— WORK INSTRUCTION —
There is one span to output from the data below: the lines starting at the line with "Tomates cerises en" and ending at the line with "Jediská (džedajská) akademie.". Output it exactly, ends included, nothing more.

— EXTRACTED INFORMATION —
───
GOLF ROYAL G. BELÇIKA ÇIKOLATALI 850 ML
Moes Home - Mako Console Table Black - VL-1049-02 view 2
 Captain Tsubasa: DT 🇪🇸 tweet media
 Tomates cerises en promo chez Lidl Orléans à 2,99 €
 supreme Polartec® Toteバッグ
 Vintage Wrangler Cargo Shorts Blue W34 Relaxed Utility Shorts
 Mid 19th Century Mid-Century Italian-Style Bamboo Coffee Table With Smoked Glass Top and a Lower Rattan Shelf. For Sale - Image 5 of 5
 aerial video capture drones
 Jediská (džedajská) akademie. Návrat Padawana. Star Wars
───
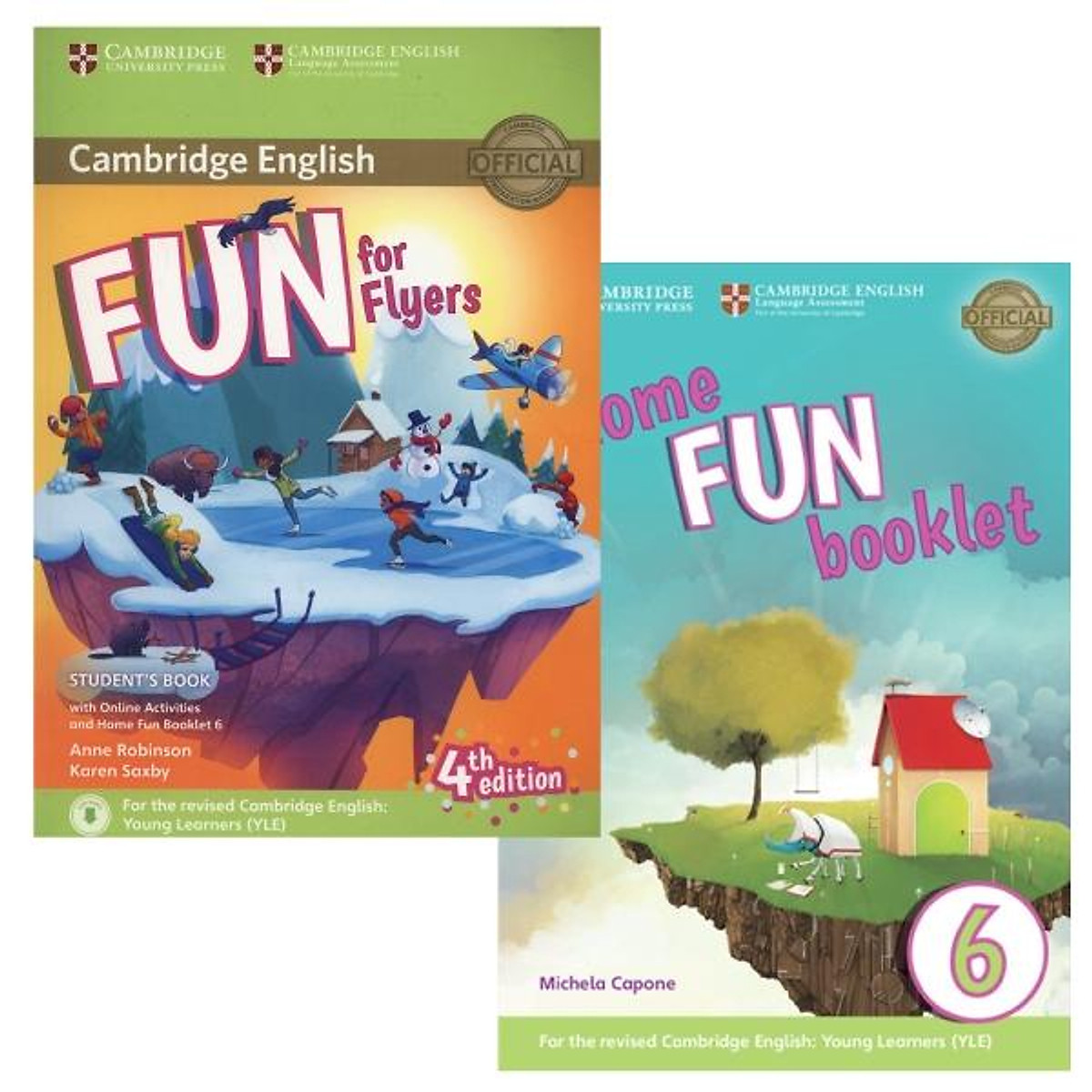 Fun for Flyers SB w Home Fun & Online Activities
───
— WRITTEN RESPONSE —
 Tomates cerises en promo chez Lidl Orléans à 2,99 €
 supreme Polartec® Toteバッグ
 Vintage Wrangler Cargo Shorts Blue W34 Relaxed Utility Shorts
 Mid 19th Century Mid-Century Italian-Style Bamboo Coffee Table With Smoked Glass Top and a Lower Rattan Shelf. For Sale - Image 5 of 5
 aerial video capture drones
 Jediská (džedajská) akademie. Návrat Padawana. Star Wars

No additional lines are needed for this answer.